Given that this is coming out of the UK, I thought it was going to be about some Orwellian request for Tesla to detect speeding and report it to the police. It's actually a much more reasonable situation where Tesla is failing to identify drivers of leased/rented cars and Tesla clearly seems in the wrong.

> Tesla offers its vehicles on long-term leases, and in such a scenario the leasing company is typically the registered keeper of the car.

> Drivers of rented or company cars caught speeding have to be named before they can face prosecution and companies which fail to return paperwork to police can be prosecuted instead.

Seems like some kind of weird quirk that the government doesn't already have this information readily available. Why isn't there a registration process for the person that leased the car?
For context for international readers, the UK has a lot of speed cameras and other automated ways to give out fines.

These get sent by snailmail to the 'owner'[simplification] of the vehicle using a government database. The owner must then, within a deadline, say who was driving the vehicle at that date and time.

If the owner fails to say who was driving, they have committed a criminal offence, and will be fined.

It looks like Tesla has in a bunch of cases not declared the driver on time. I'm willing to bet that's due to them just being slack with records in some cases - for example loaner cars, offences which occurred on the same day as a sale from person A to person B, etc.

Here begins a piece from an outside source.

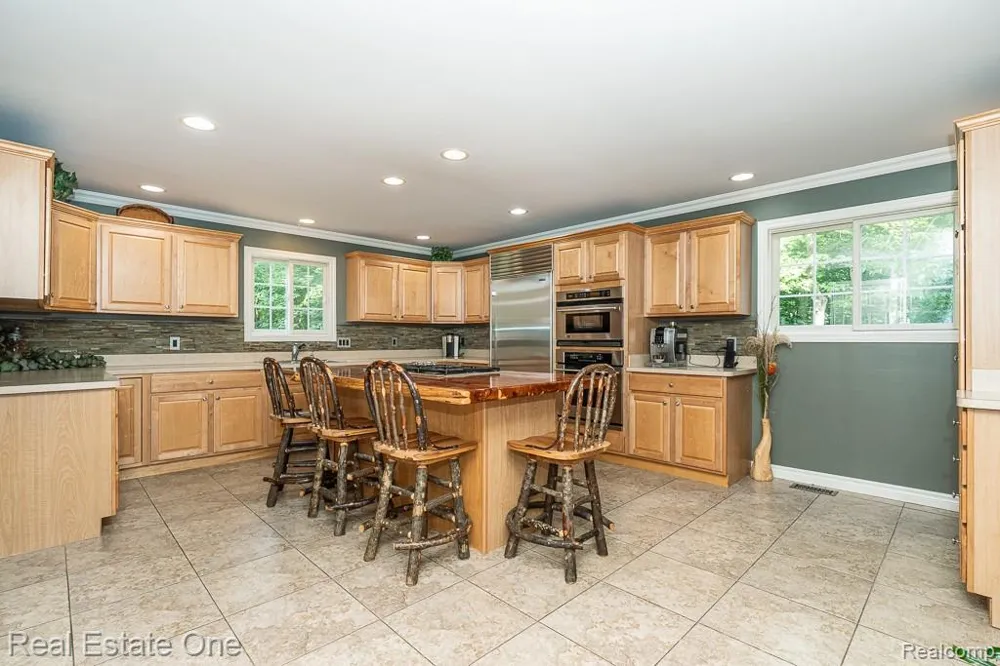 2691 Fox Cove Addison Township, MI 48370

18 offences across the whole fleet of >100k cars isn't much really, when you consider ~30% of motorists receive a fine in any given year.

Convicted 5 times... if this was a natural person it stands to reason their license to operate a motor vehicle would be revoked. However, a "corporate" person faces no such consequences. What is the equivalent of jail for these "corporate" entities who are more than happy to pay fines.
"Almost 4,000 defendants have been convicted in courts in England and Wales in the last two weeks for failing to identify the driver of a vehicle under police investigation, leading to fines ranging from £1 to £1,000."

"Tesla has been convicted at least 18 times"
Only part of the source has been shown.